"Vishal Patil" <[email protected]> writes:
> I am attaching the benchmark results for Page Cache Implementation
> using B-trees. I basically ran the tio (threaded i/o) benchmark
> against my kernel (with the B-tree implementation) and the Linux
I suppose you'll need some more varied benchmarks to get
more solid data.
> kernel shipped with FC5. Radix tree implementation is definately
> better however the B-tree implementation did not suck that bad :)

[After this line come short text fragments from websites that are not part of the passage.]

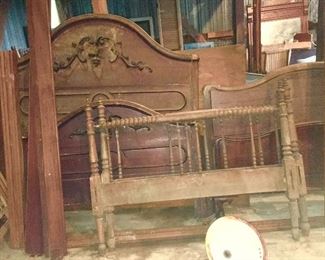Several antique wooden beds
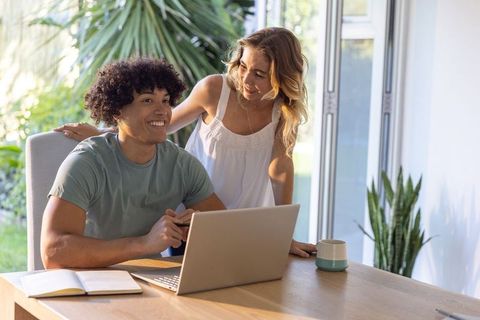 Sunlit remote work with smiling diverse couple collaborating on laptop at home desk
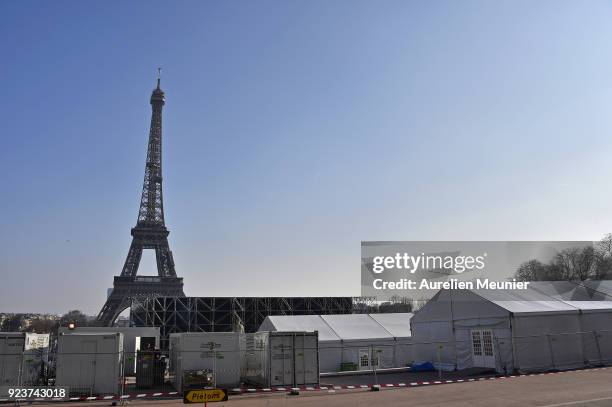 View of the Eiffel Tower as construction of the Yves Saint-Laurent venue prior to their show during Paris Fashion Week on February 24, 2018 in Paris,...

Have you considered trying it again instead of radix tree with
another data structure? There are still plenty of other big
hash tables in the kernel that might benefit from trying
a different approach:
> dmesg | grep -i hash
PID hash table entries: 4096 (order: 12, 131072 bytes)
Dentry cache hash table entries: 262144 (order: 9, 2097152 bytes)

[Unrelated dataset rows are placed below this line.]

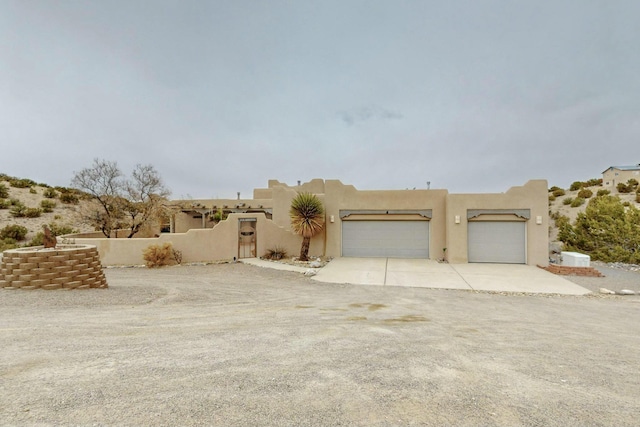 39 Pine Rd, Placitas, NM 87043 - view of front of house with concrete driveway, a garage, stucco siding, and a gate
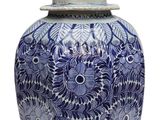 a blue and white vase with a bird on top of it
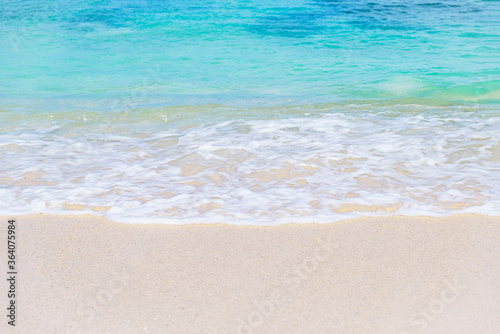 Wave of blue ocean on sandy white beach. texture Background.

Inode-cache hash table entries: 131072 (order: 8, 1048576 bytes)
Mount-cache hash table entries: 256
Dquot-cache hash table entries: 512 (order 0, 4096 bytes)
IP route cache hash table entries: 65536 (order: 7, 524288 bytes)
TCP established hash table entries: 262144 (order: 9, 2097152 bytes)
TCP bind hash table entries: 65536 (order: 7, 524288 bytes)
TCP: Hash tables configured (established 262144 bind 65536)
e.g. the dentry/inode hashes are an obvious attack point.
Of course you'll need benchmarks that actually stress them.